Document Type

Article

Publication Date

Spring 2008

Publication Title

Great Plains Quarterly

Volume

28

Issue

2

First Page

105

Last Page

133

Abstract

Oh, give me a home where the buffalo roam,
Where the deer and the antelope play,
Where seldom is heard a discouraging word
And the skies are not cloudy all day.1

These lyrics capture a yearning for a place to call home. But what landscape is associated with this longing? For people living near the coasts or mountains of America, it must be hard to imagine longing for a "home on the plains"-but many Americans have had, and still have, a home on the Plains. The stereotypical American image of the Plains is flatness, austerity, emptiness. Not all would consider this an ideal landscape for home. So how did the people who settled on the Plains "view" this landscape? What did they see? How did this land come to be recognized as that of home?
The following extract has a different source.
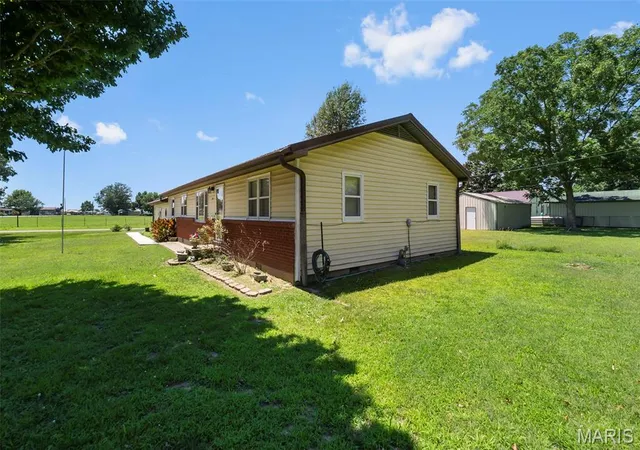 Homes for sale in Oran, MO | 1610 State Hwy W, Oran, MO 63771 | MLS# MIS26032148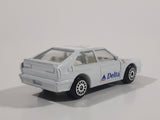 Delta Airlines #17 White Die Cast Toy Car Vehicle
In Walter Prescott Webb's The Great Plains (1931), Webb argues that when the Plains settlers had to adapt to their new environment, "they were compelled to make a radical readjustment in their way of life."2

In particular, Webb focused on the "treeless, flat, and semiaridity" of the Plains and the key developments of railroads, barbed wire, windmills, and improved farm machinery and methods.3 But another technology was key to the transformation of the Plains: photography. I argue that photography was central to Plains settlers' "radically readjusting" to living on the Plains and conceptually recognizing the Plains as home.